__Information given__
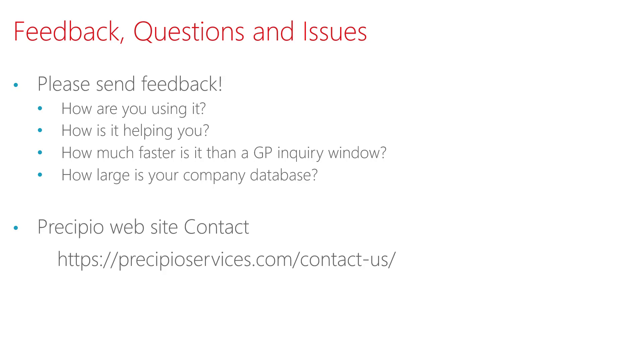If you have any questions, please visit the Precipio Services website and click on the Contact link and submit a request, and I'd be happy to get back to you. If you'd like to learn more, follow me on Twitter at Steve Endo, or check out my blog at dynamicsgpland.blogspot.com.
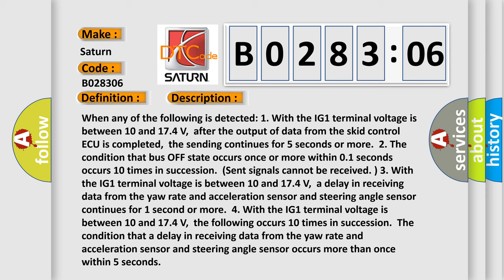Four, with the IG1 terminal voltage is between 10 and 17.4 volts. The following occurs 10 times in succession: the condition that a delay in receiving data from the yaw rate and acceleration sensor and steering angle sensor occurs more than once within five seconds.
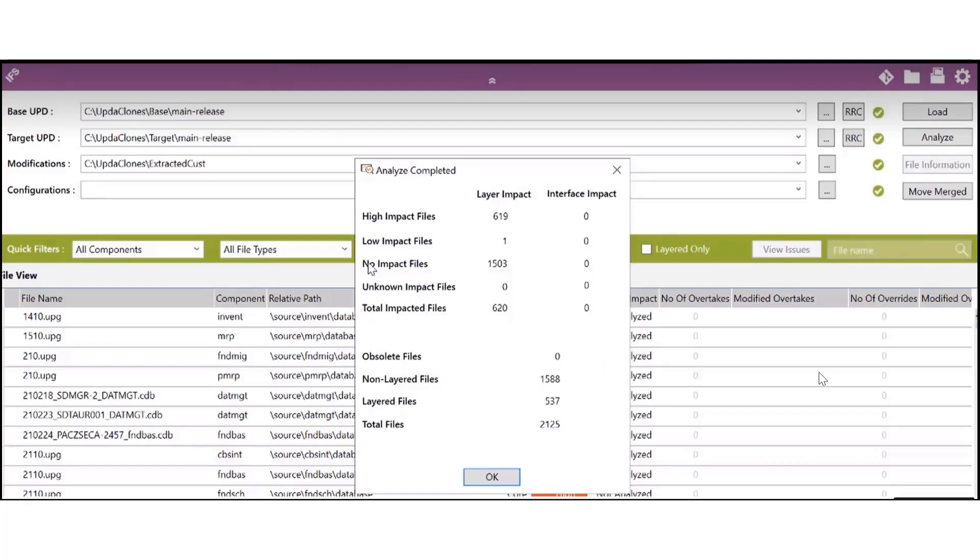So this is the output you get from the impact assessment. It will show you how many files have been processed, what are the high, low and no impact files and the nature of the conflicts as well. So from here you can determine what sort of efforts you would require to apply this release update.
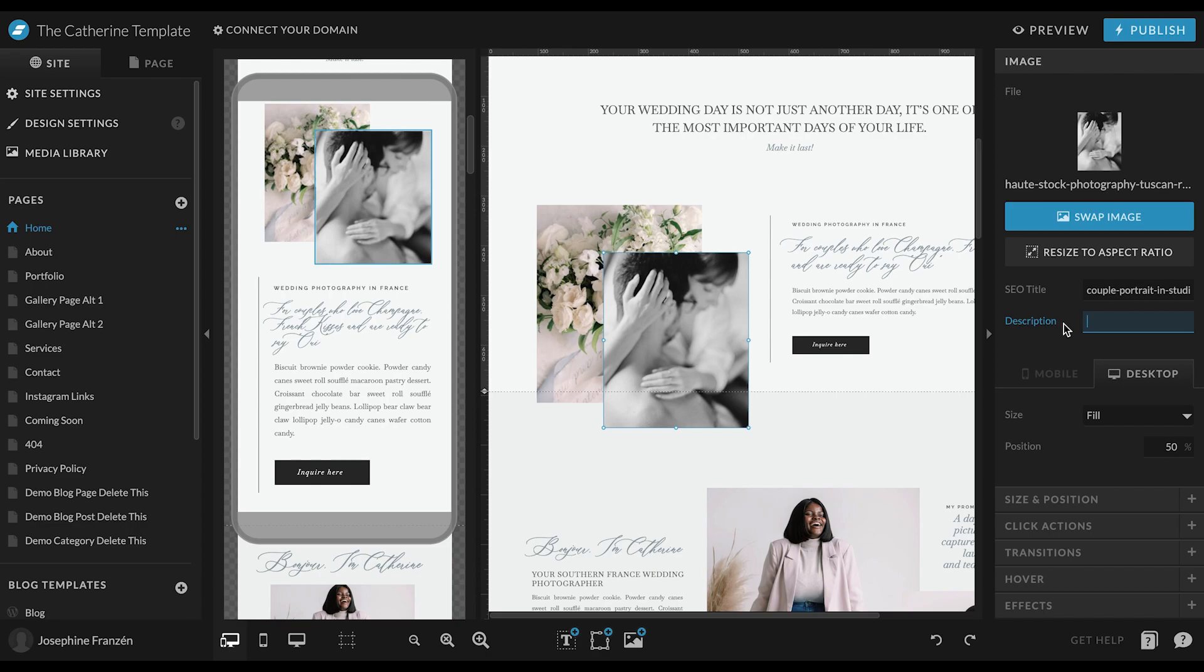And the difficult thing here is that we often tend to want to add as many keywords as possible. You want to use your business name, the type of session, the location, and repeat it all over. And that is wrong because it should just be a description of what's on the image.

* * *

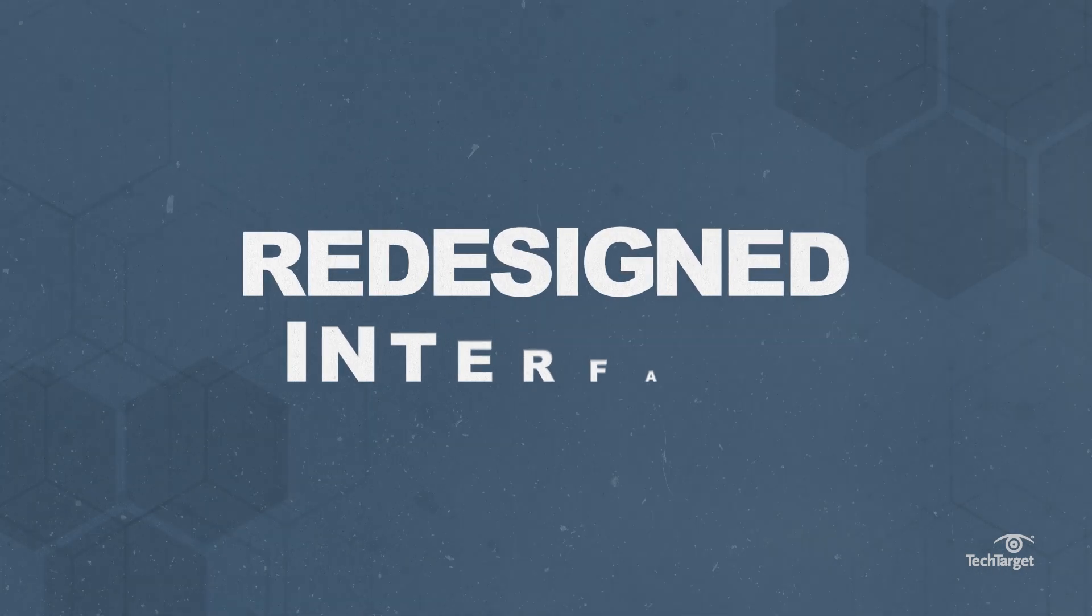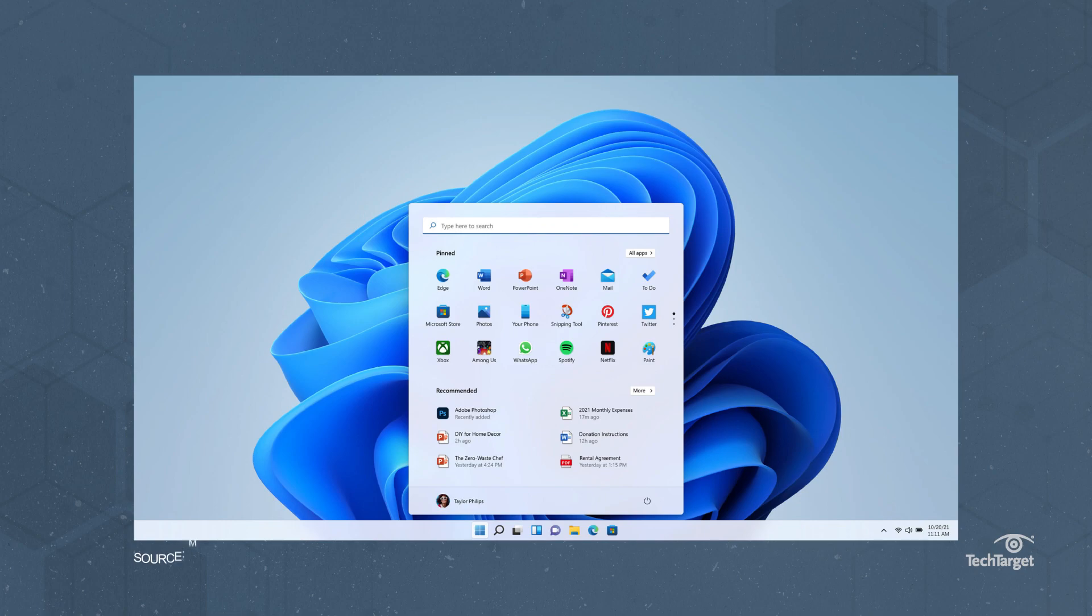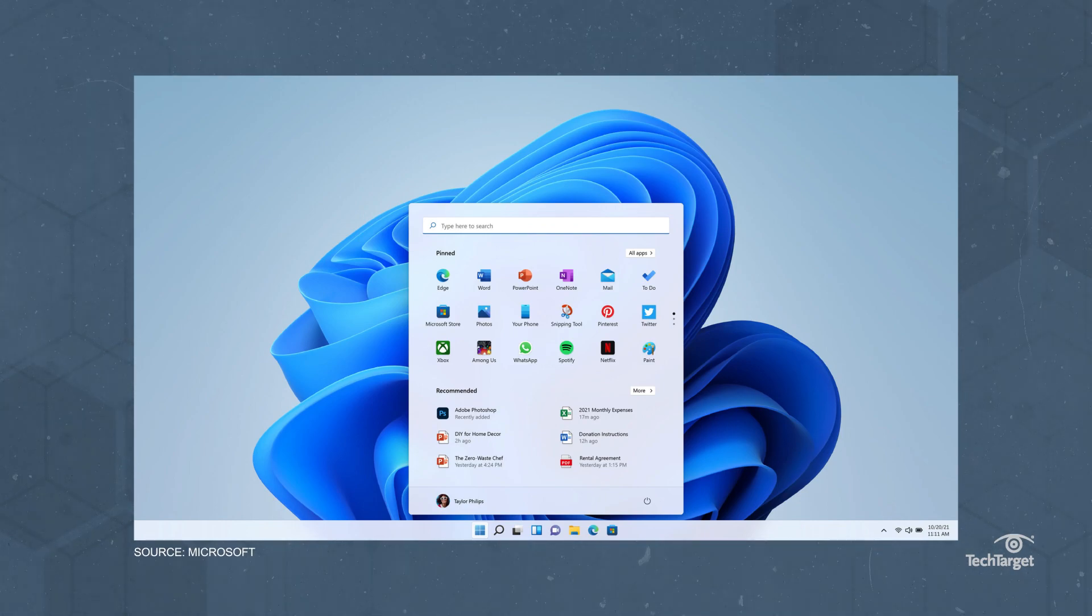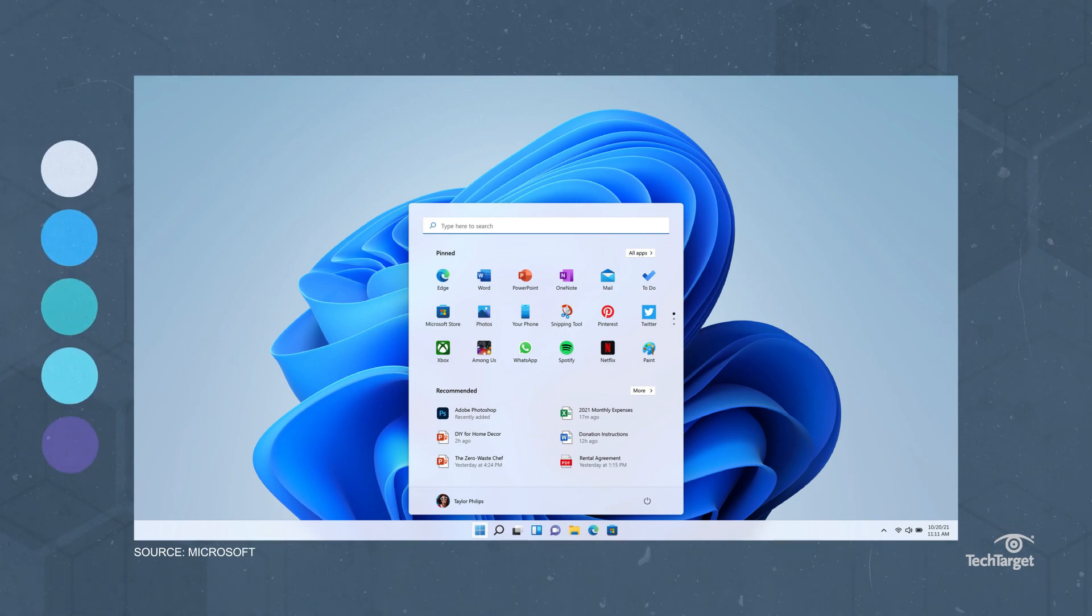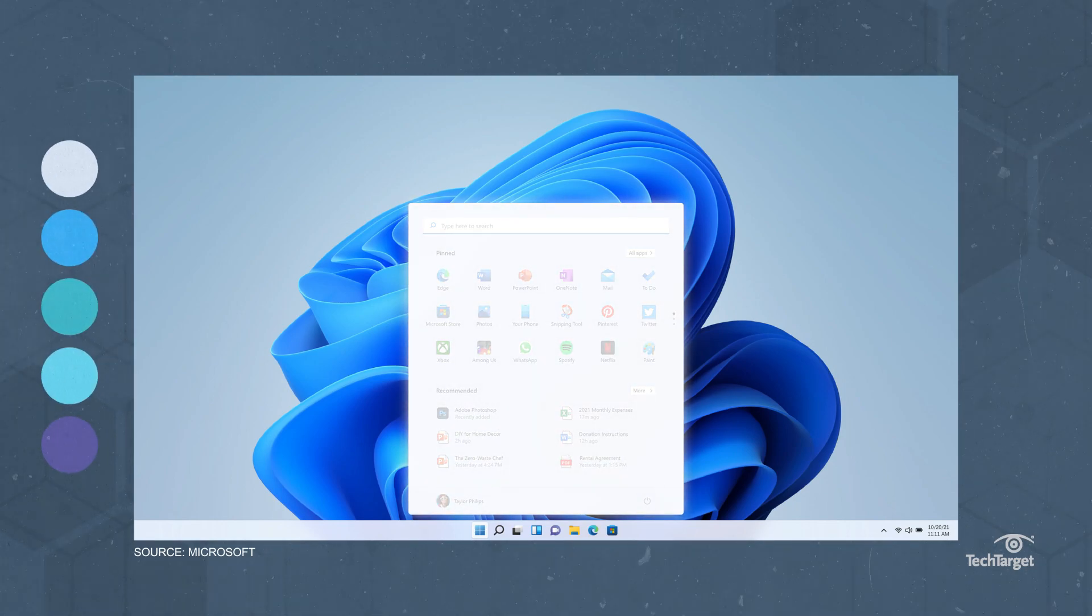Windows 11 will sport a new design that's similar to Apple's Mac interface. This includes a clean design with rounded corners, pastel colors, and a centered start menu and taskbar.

* * *

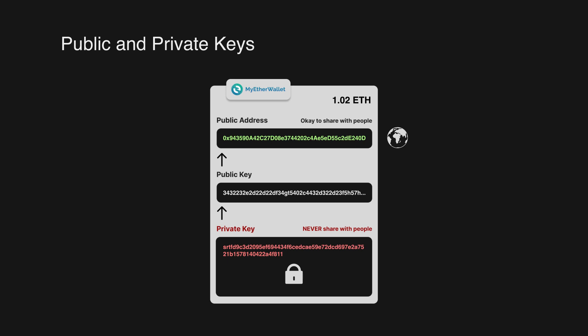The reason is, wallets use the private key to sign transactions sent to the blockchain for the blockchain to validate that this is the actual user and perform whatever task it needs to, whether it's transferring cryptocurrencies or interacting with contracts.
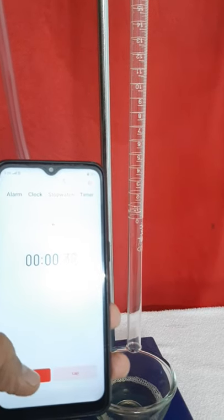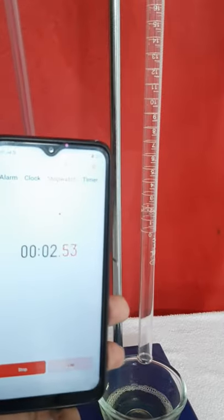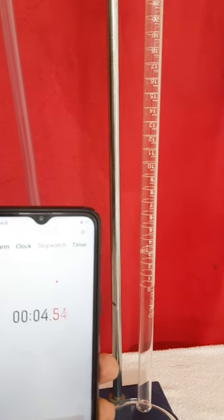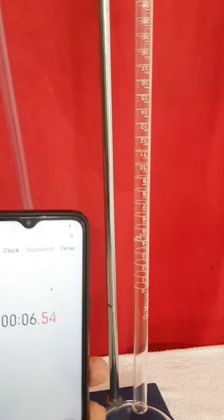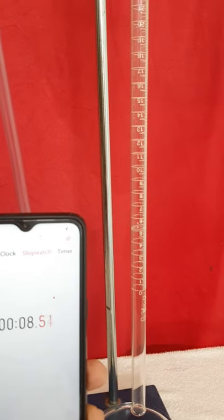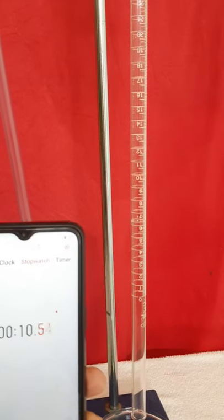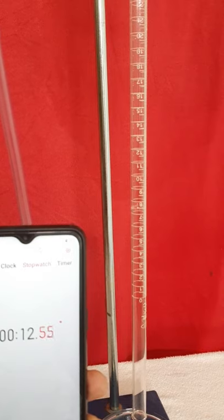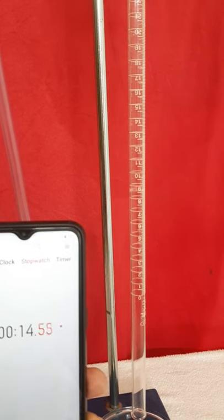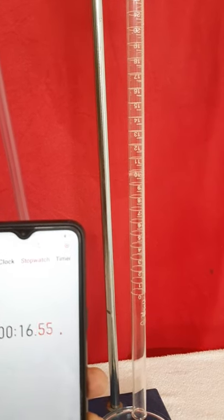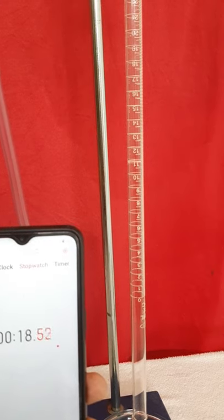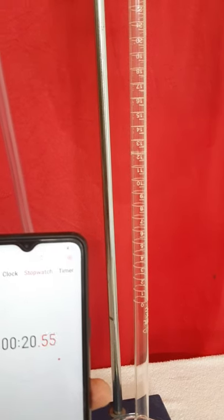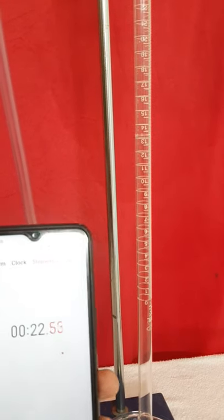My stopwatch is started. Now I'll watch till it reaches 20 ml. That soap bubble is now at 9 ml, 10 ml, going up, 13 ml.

__What needs to be done__
Up in the listing, locate the line with "So this is the"; print it and every line after it down to the line with "And the difficult", which is included too. Skip the pictures.

__Response__
So this is the output you get from the impact assessment. It will show you how many files have been processed, what are the high, low and no impact files and the nature of the conflicts as well. So from here you can determine what sort of efforts you would require to apply this release update.
And the difficult thing here is that we often tend to want to add as many keywords as possible. You want to use your business name, the type of session, the location, and repeat it all over. And that is wrong because it should just be a description of what's on the image.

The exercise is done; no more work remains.